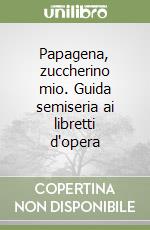 Papagena, zuccherino mio. Guida semiseria ai libretti d'opera libro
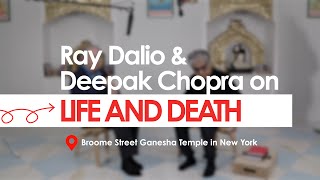 Ray Dalio amp Deepak Chopra on Life and Death [upl. by Sanoj234]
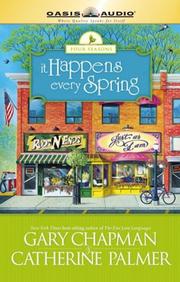 Cover of: It Happens Every Spring (The Four Seasons of a Marriage Series #1) by Catherine Palmer, Catherine Palmer, Gary Chapman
··········
### GOAL OF THE EXERCISE
Restate all of the material above word for word, excluding the pictures.

### RESULT
 Papagena, zuccherino mio. Guida semiseria ai libretti d'opera libro
 Ray Dalio amp Deepak Chopra on Life and Death [upl. by Sanoj234]
 Cover of: It Happens Every Spring (The Four Seasons of a Marriage Series #1) by Catherine Palmer, Catherine Palmer, Gary Chapman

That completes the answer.